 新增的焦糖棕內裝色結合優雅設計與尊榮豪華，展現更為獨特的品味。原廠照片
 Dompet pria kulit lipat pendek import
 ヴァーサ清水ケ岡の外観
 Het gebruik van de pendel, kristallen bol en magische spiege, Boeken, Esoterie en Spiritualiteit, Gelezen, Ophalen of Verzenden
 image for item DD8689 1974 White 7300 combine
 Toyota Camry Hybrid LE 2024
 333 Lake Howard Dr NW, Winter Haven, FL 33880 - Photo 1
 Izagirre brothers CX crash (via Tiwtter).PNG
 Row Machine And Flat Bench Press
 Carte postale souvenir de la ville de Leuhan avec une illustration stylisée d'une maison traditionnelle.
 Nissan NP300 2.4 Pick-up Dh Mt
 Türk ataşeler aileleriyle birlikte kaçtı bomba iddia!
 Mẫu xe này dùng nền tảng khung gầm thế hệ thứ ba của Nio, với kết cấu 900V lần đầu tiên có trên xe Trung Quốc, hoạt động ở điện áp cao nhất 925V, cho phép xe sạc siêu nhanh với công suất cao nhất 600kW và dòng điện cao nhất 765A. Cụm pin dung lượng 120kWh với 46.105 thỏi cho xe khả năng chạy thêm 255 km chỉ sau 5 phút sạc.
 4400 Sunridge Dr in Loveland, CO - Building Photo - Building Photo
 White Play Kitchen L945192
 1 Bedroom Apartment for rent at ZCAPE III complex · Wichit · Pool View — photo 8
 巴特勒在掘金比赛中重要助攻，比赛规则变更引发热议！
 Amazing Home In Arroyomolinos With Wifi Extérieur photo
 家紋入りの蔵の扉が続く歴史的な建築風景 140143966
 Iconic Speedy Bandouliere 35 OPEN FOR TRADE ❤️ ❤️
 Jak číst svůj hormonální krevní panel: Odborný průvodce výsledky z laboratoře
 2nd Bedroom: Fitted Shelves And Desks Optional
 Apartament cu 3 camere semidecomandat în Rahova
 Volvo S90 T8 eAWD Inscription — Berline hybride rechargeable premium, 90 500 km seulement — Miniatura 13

-----

--- Your goal ---
The job is to copy each line from the material above that holds the word "Bedroom".

--- Task output ---
 1 Bedroom Apartment for rent at ZCAPE III complex · Wichit · Pool View — photo 8
 2nd Bedroom: Fitted Shelves And Desks Optional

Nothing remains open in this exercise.